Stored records
===

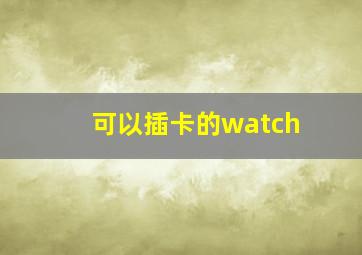 可以插卡的watch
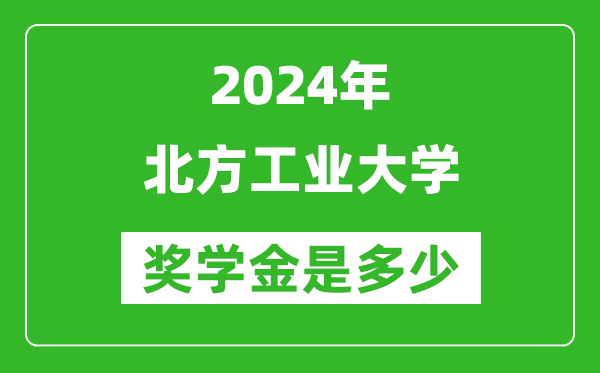 2024年北方工业大学奖学金多少钱,覆盖率是多少？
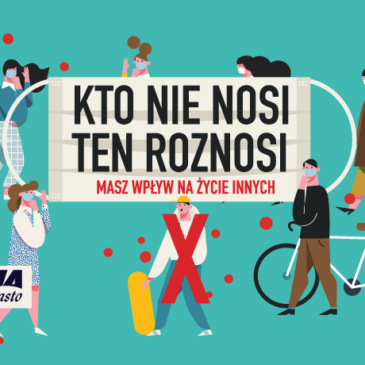 Noś, nie roznoś. Myśl o innych.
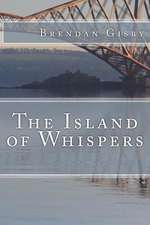 The Island of Whispers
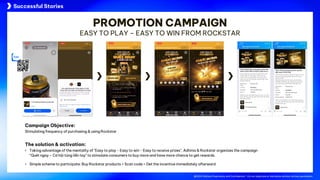 @2024 Adtima Proprietary and Confidential - Do not duplicate or distribute without written permission.
Case studies
@2024 Adtima Proprietary and Confidential - Do not duplicate or distribute without written permission.
Campaign Objective:
Stimulating frequency of purchasing & using Rockstar
The solution & activation:
• Taking advantage of the mentality of "Easy to play - Easy to win - Easy to receive prizes", Adtima & Rockstar organizes the campaign
“Quét ngay – Cơ hội túng liền tay" to stimulate consumers to buy more and have more chance to get rewards.
• Simple scheme to participate: Buy Rockstar products > Scan code > Get the incentive immediately afterward
PROMOTION CAMPAIGN
EASY TO PLAY – EASY TO WIN FROM ROCKSTAR
Successful Stories
 
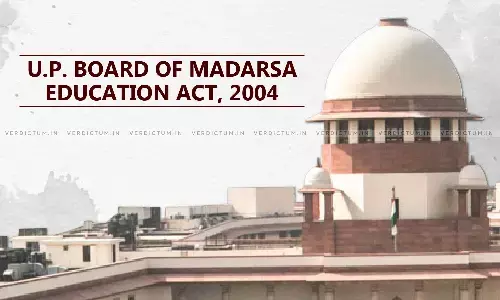 In Conflict With UGC Act: Supreme Court Declares UP Madarsa Act Provisions On Higher-Education Degrees Such As Fazil And Kamil Unconstitutional In Conflict With UGC Act: Supreme Court Declares UP Madarsa Act Provisions On Higher-Education Degrees Such As Fazil And Kamil Unconstitutional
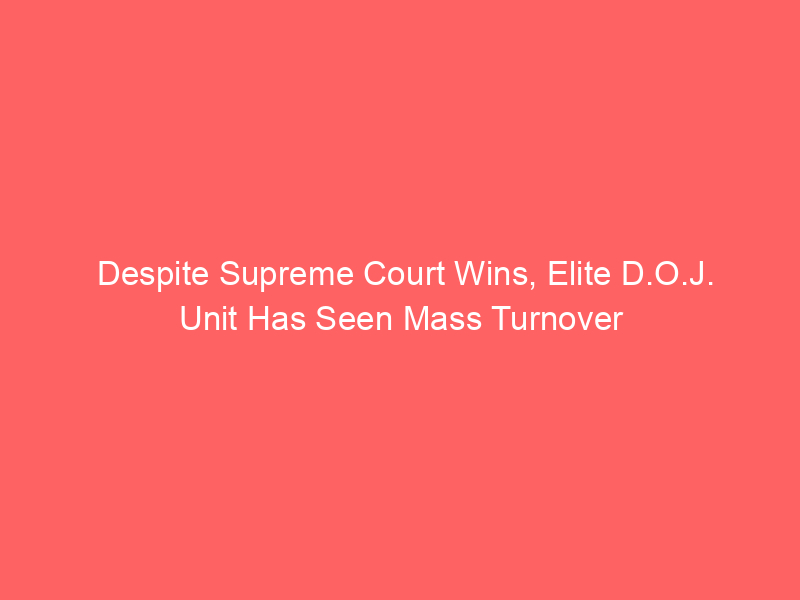 Despite Supreme Court Wins, Elite D.O.J. Unit Has Seen Mass Turnover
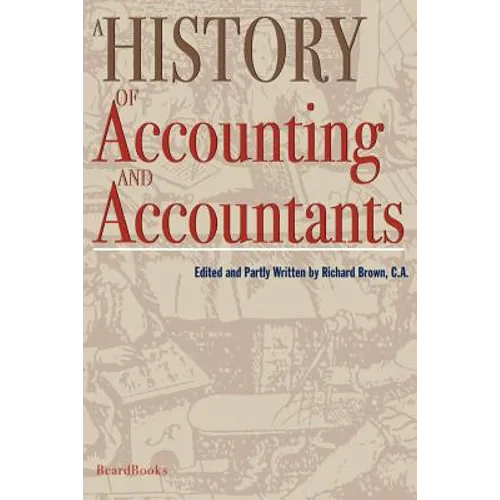 A History of Accounting and Accountants - Paperback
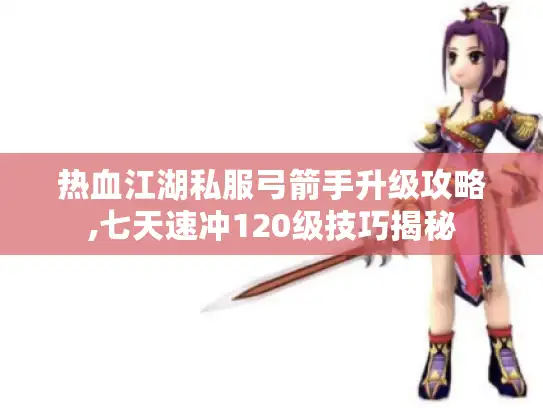 热血江湖私服弓箭手升级攻略,七天速冲120级技巧揭秘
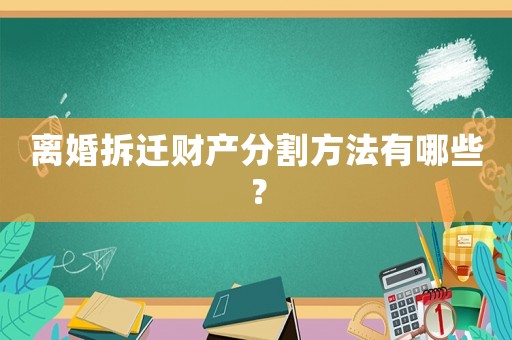 離婚拆遷財產分割方法有哪些？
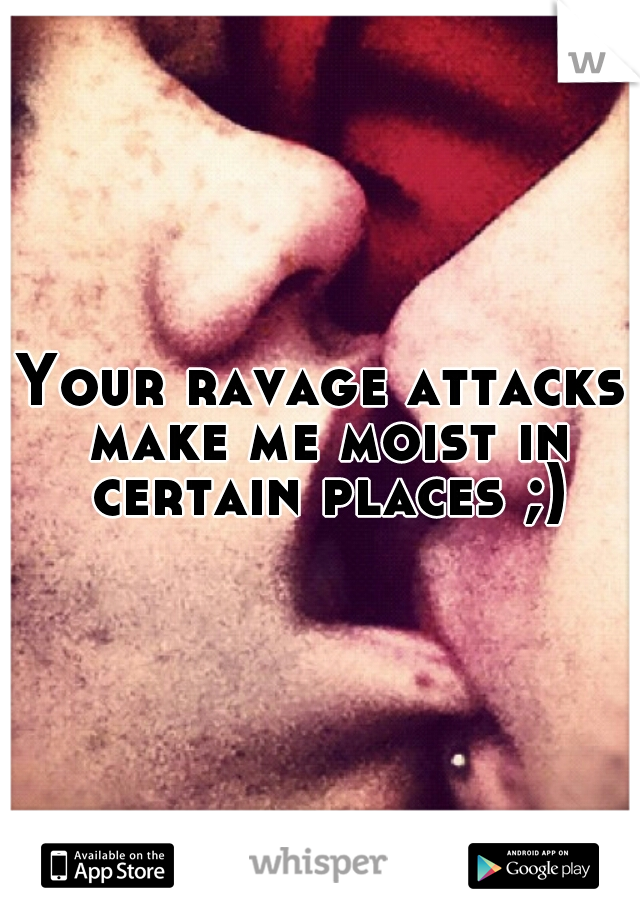 Your ravage attacks make me moist in certain places ;)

===

### EXERCISE BRIEF:
All lines from the start of the entries through the one with "Case studies" are to be output exactly; omit the pictures.

### RESULT OF THE EXERCISE:
 可以插卡的watch
 2024年北方工业大学奖学金多少钱,覆盖率是多少？
 Noś, nie roznoś. Myśl o innych.
 The Island of Whispers
 @2024 Adtima Proprietary and Confidential - Do not duplicate or distribute without written permission.
Case studies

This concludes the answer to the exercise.